In Smith’s original court-martial at Marine Corps Base Camp Lejeune in May 2020, the sailor was found to have used a selfie stick to push his GoPro camera through a hole in the bulkhead between the women’s bathroom and his adjacent bunking compartment. In three months of filming, prosecutors found, he filmed at least one woman “as she dried off with a towel,” a video he had shown to at least two other Marines.
Smith, whose age was not specified in court documents, argued instead in his appeal that the military judge who sentenced him had overstepped his authority in finding him guilty of the obstruction charge. Smith asserted he was “merely concealing his offenses,” not obstructing justice, when he snapped the camera’s memory card in half and immediately tossed the GoPro overboard. Therefore, his lawyer argued, the judge should have looked into the case further before simply accepting his guilty pleas and handing down a sentence.
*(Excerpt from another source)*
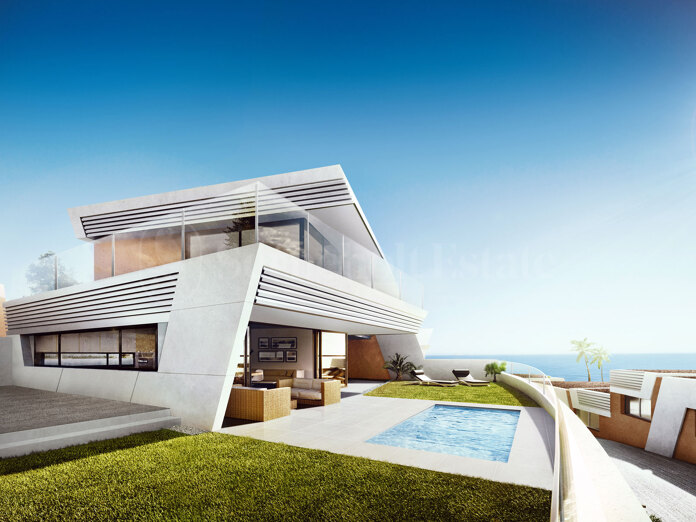 Development in El Chaparral, Mijas Costa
The Navy-Marine Corps Court of Criminal Appeals upheld the conviction, noting that Smith had admitted to immediately disposing of the memory card and camera when he heard a woman in the bathroom say “Is that a GoPro?” In the original court-martial, he said he did so because he feared there would be an investigation.
Not long after Smith threw the camera overboard, the judges wrote, Smith was proven correct: Senior enlisted personnel were already questioning Marines and sailors in Smith’s room by the time he returned from tossing the camera. Smith was advised of his rights and ultimately confessed, according to court documents.
The three-judge panel left little doubt that Smith’s attempt to hide behind technical legal rules did not outweigh his own confession, writing, “we decline Appellant’s invitation to ‘joust in the abstract’ through the creative spin with which he now asks us to view his own factual statements.”
The court upheld Smith’s original punishment of reduction in rank to E-1, four months of confinement, and a bad-conduct discharge.